THE TAKE AWAY  



Suburbia and The Family Unit

Domestic Engineering


By Kersley Fitzgerald



We got a new refrigerator this spring with our income tax return. It's bottom-freezer-mount, because that's the most efficient. And it does NOT have French doors. The fridge nestles right up to the wall. We had a side-by-side before. Do you know how much room you have to get into a side-by-side freezer when the door is an inch from the wall? Every time I had to try to get a pizza in or out, I'd grumble, "I hate this fridge!" But now I have a new one and it's fabulous.

Two years ago, we spent the tax refund on a new vacuum. It's very retro—the kind with the big metal bell for a base and a fabric bag hanging on the handle. But it'll suck up sand like nobody's business, and it'll last forever.

Not that it's in any danger of getting all used up anytime soon.
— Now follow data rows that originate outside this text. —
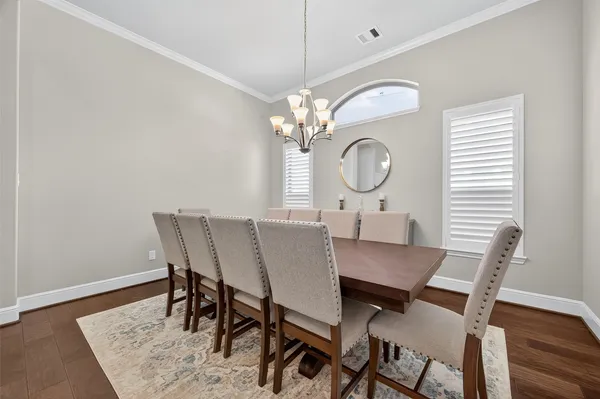 a view of a dining room with furniture wooden floor and chandelier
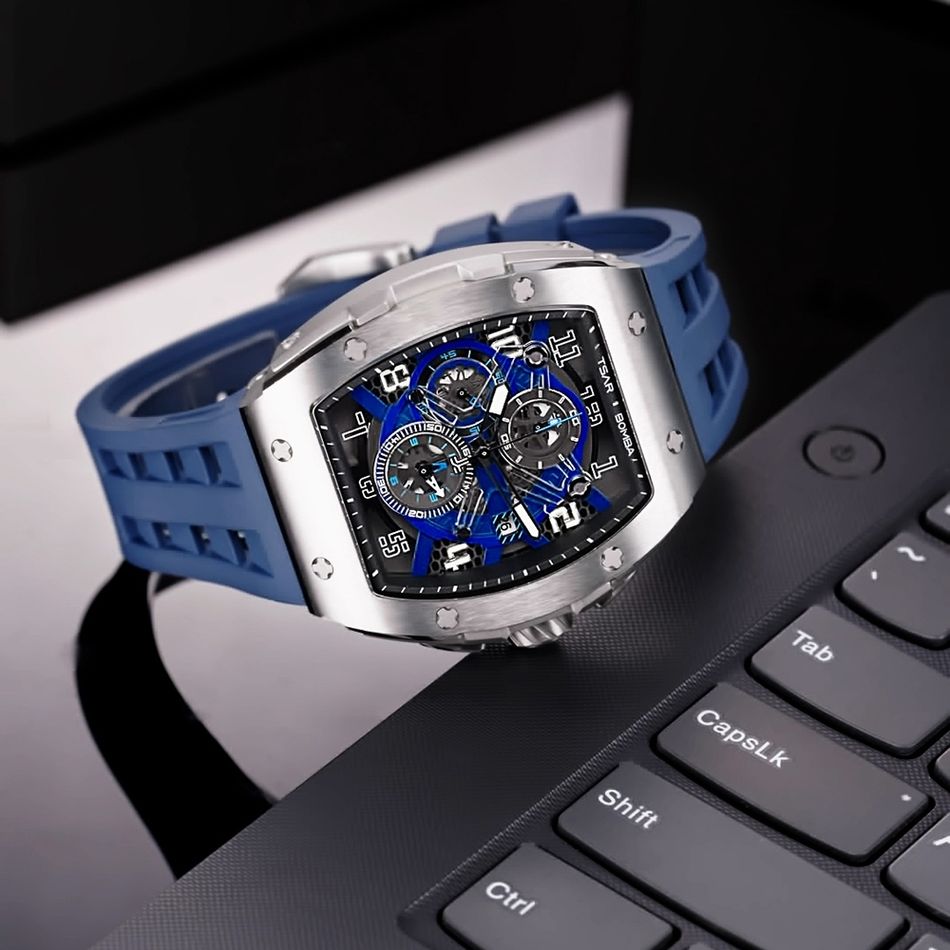 Tsar Bomba 機械公爵 | 元素系列 TB8211Q-03 | 銀錶框 藍色氟橡膠錶帶 鏤空錶盤 石英錶橫躺展示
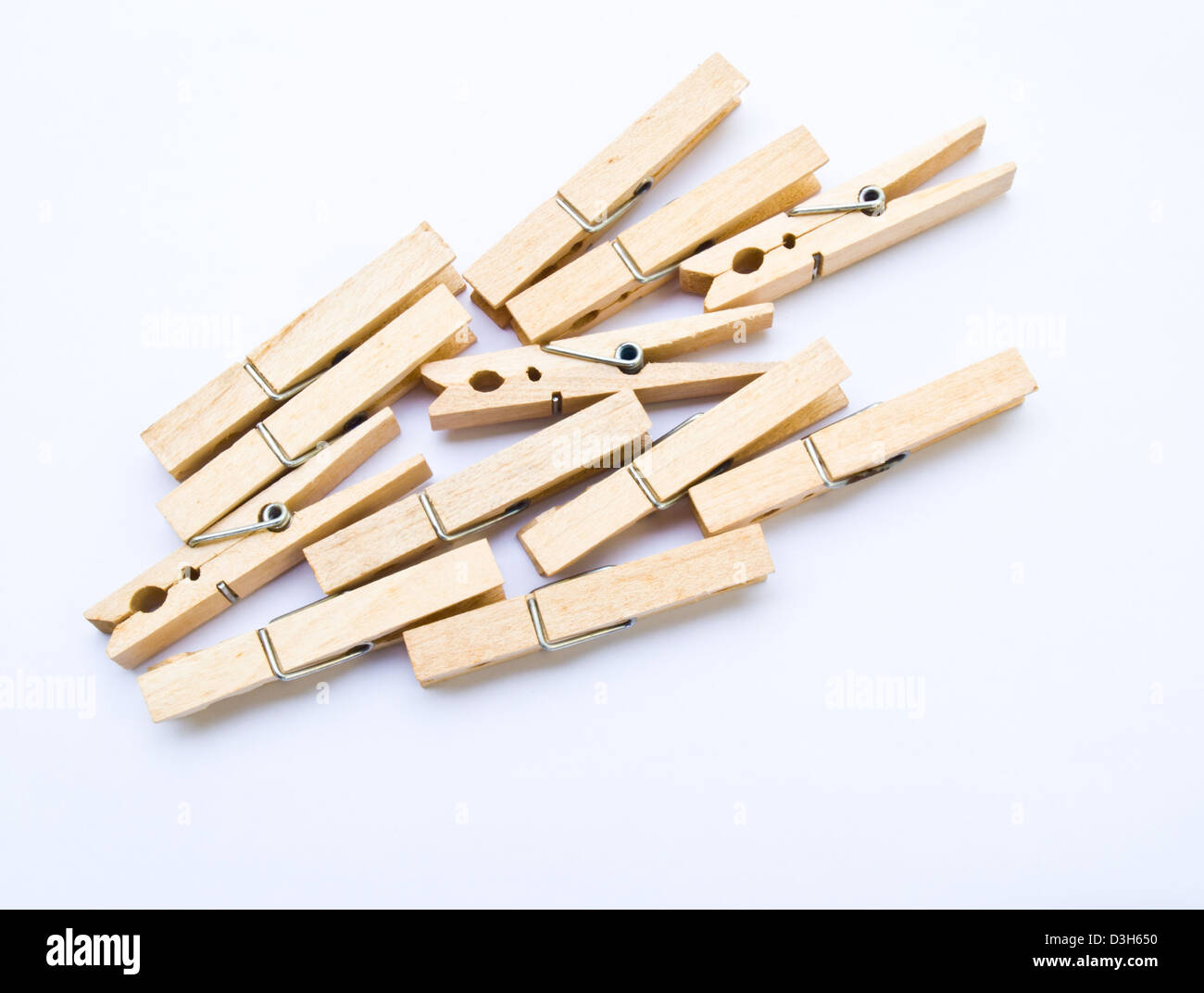 Wooden clothes clips isolated on white background Stock Photo Alamy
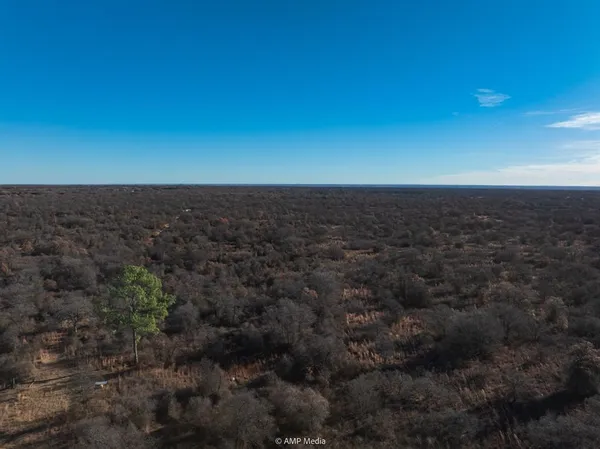 a view of residential houses with green space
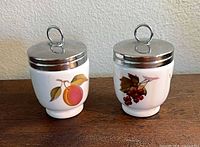 Two Royal Worcester egg coddlers with lids on view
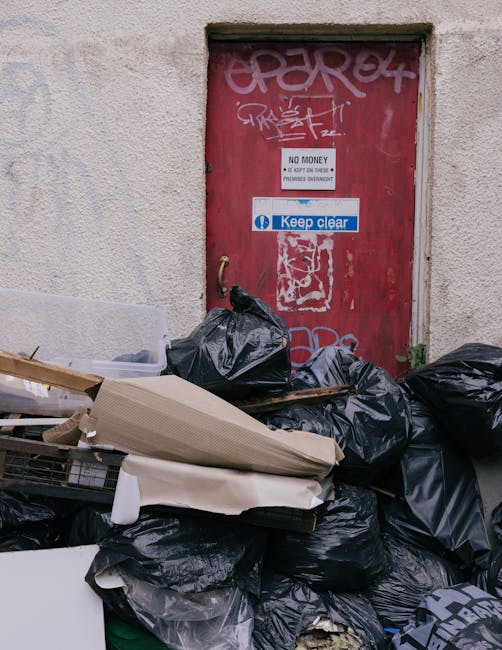 A pile of black rubbish bags, some partially torn open, are stacked in front of a red metal door on a concrete wall. The bags contain discarded waste and are surrounded by various items including card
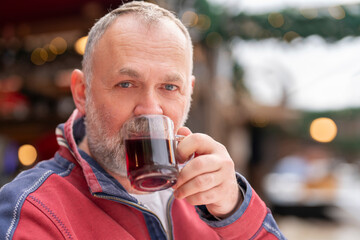 Man Enjoying Warm Beverage at Cozy Outdoor Café During Chilly Afternoon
Housework is not one of my spiritual gifts. I buck, unconsciously, at my mom's admonition to dust. I have a friend who always keeps her house neat in case it's needed by the church. My goal is more to build up my friends' self esteem by letting them know their house is just fine.

But this summer, our family's going through a revolution. Dev, my husband, just retired from the Air Force. I got a job. JT's way too young to be let loose on the world. So Dev is staying home for the summer to hang out with him.

...And to do the laundry and cook meals and vacuum and fill my new refrigerator. Such a revolution in suburban life has not been seen since the time of Harriet Beecher Stowe's older sister Catharine.

Way back in the long ago...
Throughout most of human history, there had been two types of residential areas: urban and rural. Urban areas were crowded, dangerous in social ways, and dirty; but you lived close to your job. Rural areas were spread out, dangerous in natural ways, dirty, and far from the job; but you had a horse.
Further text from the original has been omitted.